On 28 May 2019, contemporaneous with when I was putting the finishing touches on my previous Blog comments on Bill C-77, the Senate Committee on National Security and Defence voted in favour of the Bill with no amendments.
This is unfortunate.
It appears that the tactic of including a problematic Summary Hearing process with a highly-favoured Victims’ Rights Declaration was a successful in convincing legislators to refrain from addressing the procedural defects of Summary Hearings.
But what I find truly interesting is that of the two votes that the Committee held on 28 May 2019, the step toward depriving CF members of procedural protections under the Code of Service Discipline is not the vote upon which major media focused this morning.
As I watched the Committee’s live stream on May 28th, Senator Dagenais, the Vice Chair of the Committee, introduced a motion to examine the ‘suspension’ of Vice-Admiral Norman, the former Vice-Chief of the Defence Staff. The motion passed, 7 to 5.
This morning, the Globe and Mail reported the ‘Norman Motion’ on its front page, ‘above the fold’. Yet, there was no mention of what is, arguably, a more significant development in the administration of the affairs of the Canadian Forces – i.e. the support for Bill C-77.

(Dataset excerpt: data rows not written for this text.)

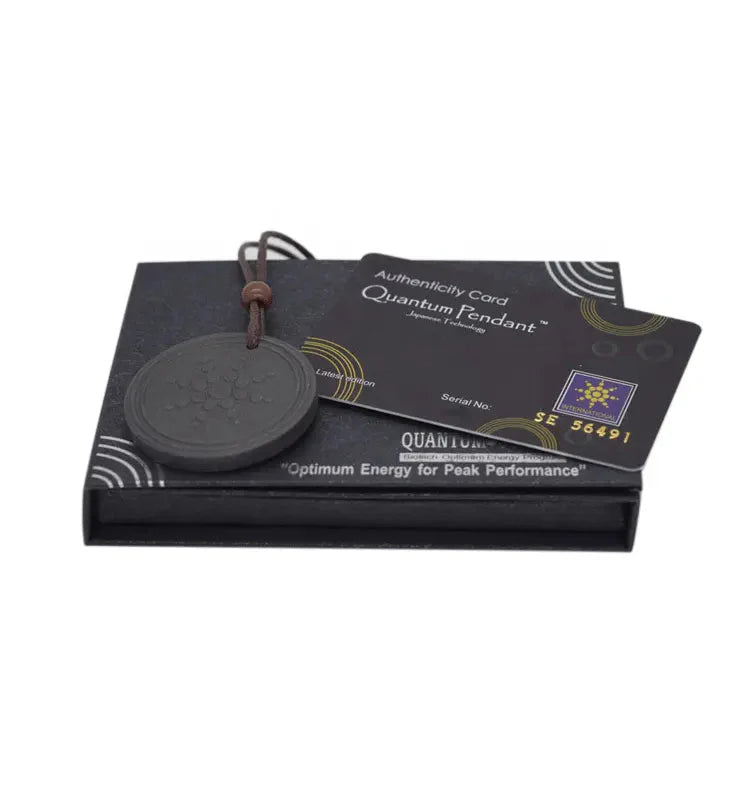 Lava Stone Quantum Defense Pendant 42 MM Your Emf Shield
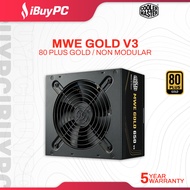 Cooler Master MWE Gold V3 ATX 3.1 Non-Modular 80Plus Gold Power Supply (650W / 750W / 850W)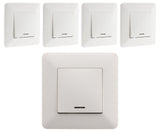 Interrupteur va et vient + voyant Artezo 10A - Zenitech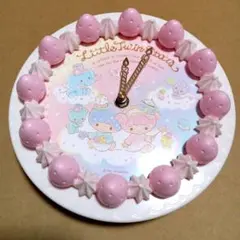 キキララ　置き時計　時計　リトルツインスターズ　未使用に近い　激レア　サンリオ キキララ 置き時計 時計 リトルツインスターズ 未使用に近い 激レア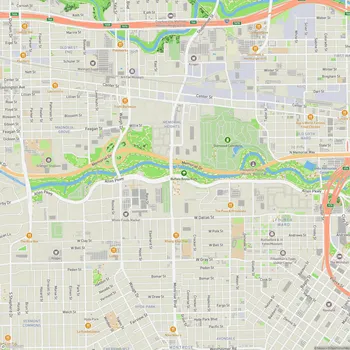 Map of Buffalo Bayou Park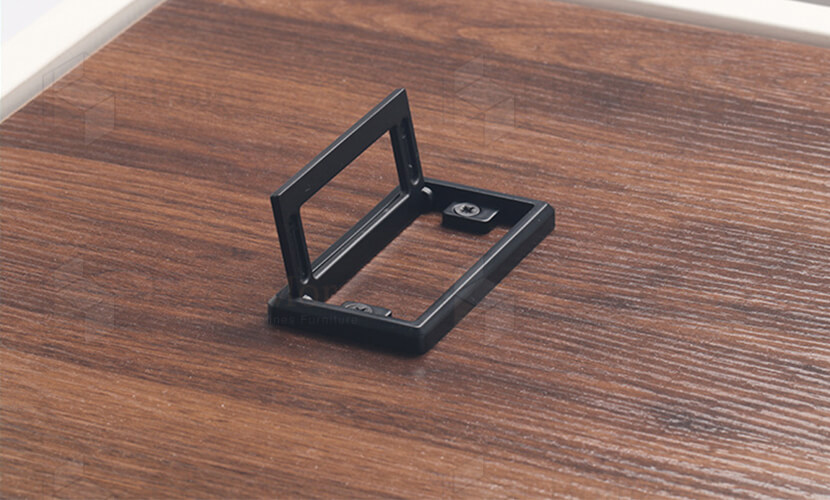 Fancy Metal Handle Wall Mounted Folding Shoe Stool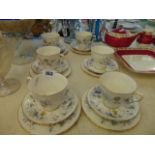 A Colclough 18 piece tea set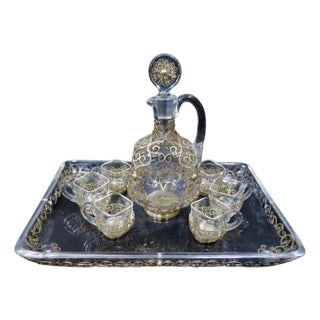 Vintage Continental Silver Cordial Set For Sale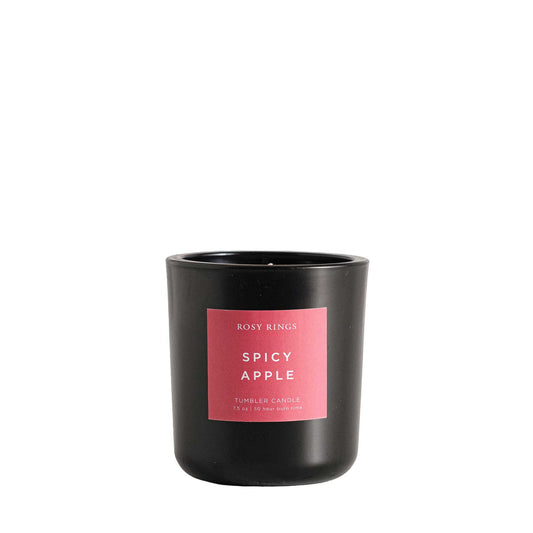 Spicy Apple Boxed Glass Tumbler Candle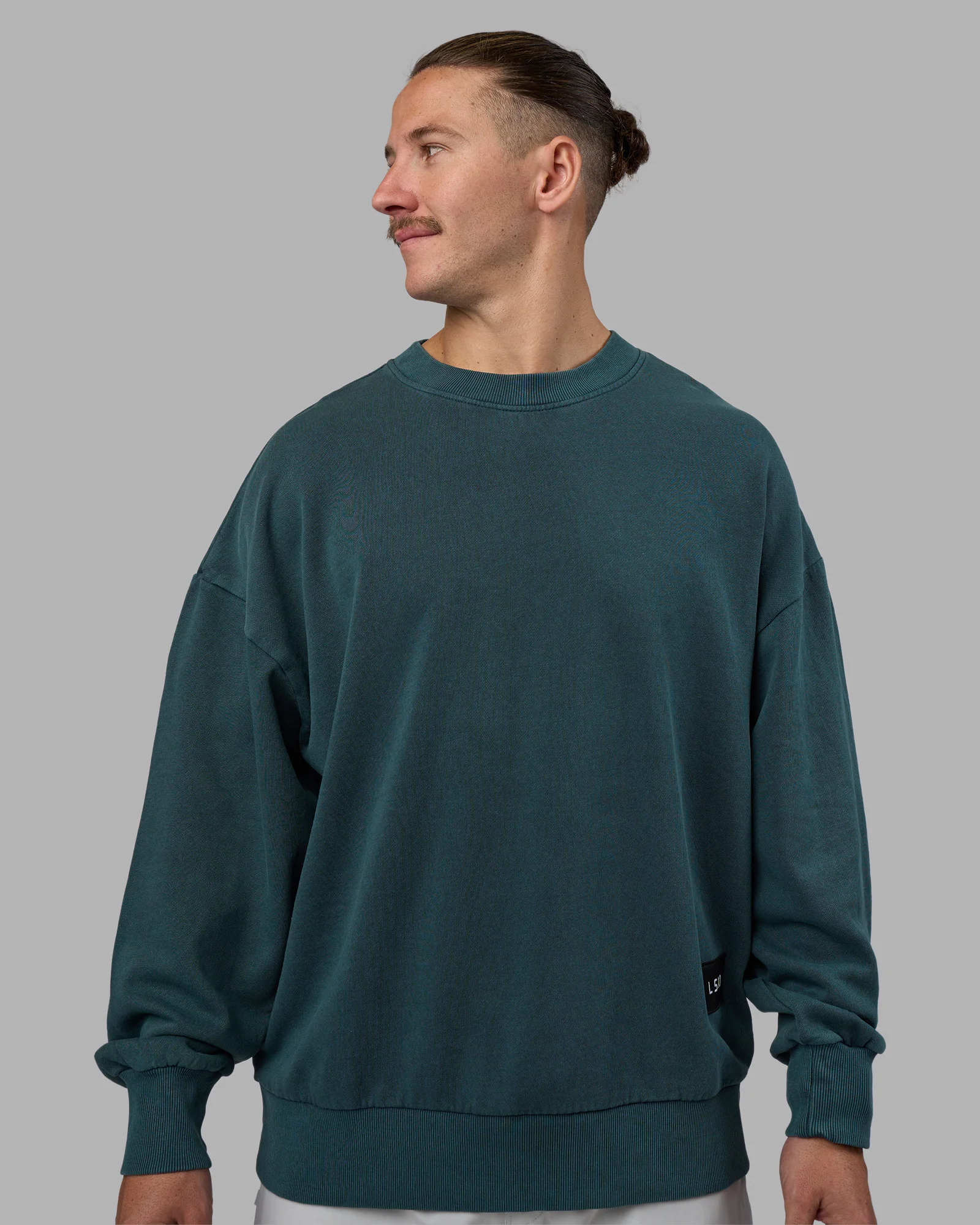 Segmented Oversized Sweater - Abyssal 4 Segmented Oversized Sweater - Abyssal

I do not mean to suggest that Vice-Admiral Norman’s ordeal over the past 2 1/2 years is not worthy of examination. To the contrary, there are many questions that Canadians have about how that process unfolded. However, Bill C-77 has the potential to adversely affect the rights, interests, and privileges of hundreds of Canadian Forces personnel in the coming years.
Yet, that is not what seems to draw the focus of the media.
I can understand why: The narrative surrounding Vice-Admiral Norman’s suspension and prosecution is evocative and provocative. It is visceral and politically-charged. And it does not require the public consumer of media to delve into some of the less exciting minutiae of how the principles associated with the rule of law serve to protect the rights, interests, and privileges of persons who are subject to coercive public law regimes.
In other words: Discussion about the failings of Summary Hearings is more boring than the ‘scandal’ arising from the suspension and prosecution of Vice-Admiral Norman.
But consider this: imagine what might have happened to Vice-Admiral Norman if he had been subject to a regime that did not permit him to choose to be tried before a constitutionally independent decision-maker or to have the case against him proven beyond a reasonable doubt.
Presumably, the ‘average Canadian’ is concerned about the fact that Vice-Admiral Norman was suspended from his position as Vice-Chief of the Defence Staff. (I note, tangentially, that even though a public affairs officer for the Canadian Forces first described it, in January 2017, as a “… temporary [relief] from the performance of military duty…”, it was neither ‘temporary’ nor a ‘relief from the performance of military duty’.) If the average Canadian does consider that ‘suspension’ to have been carried out in an arbitrary and unfair manner, then I suggest that the same ‘average Canadian’ must necessarily be concerned about the potential for similarly problematic decision-making under the Summary Hearing process.
Canadian Forces personnel who will eventually be prosecuted under Summary Hearings – and it is a prosecution – run the risk of being found culpable in a similarly arbitrary fashion. And once they are found culpable under this less rigorous process, their chain of command can then proceed to take additional adversarial steps such as compulsory release.
And those rank-and-file CF members won’t have notoriety or the glare of media attention to aid them by focusing public attention on the deprivation of their rights.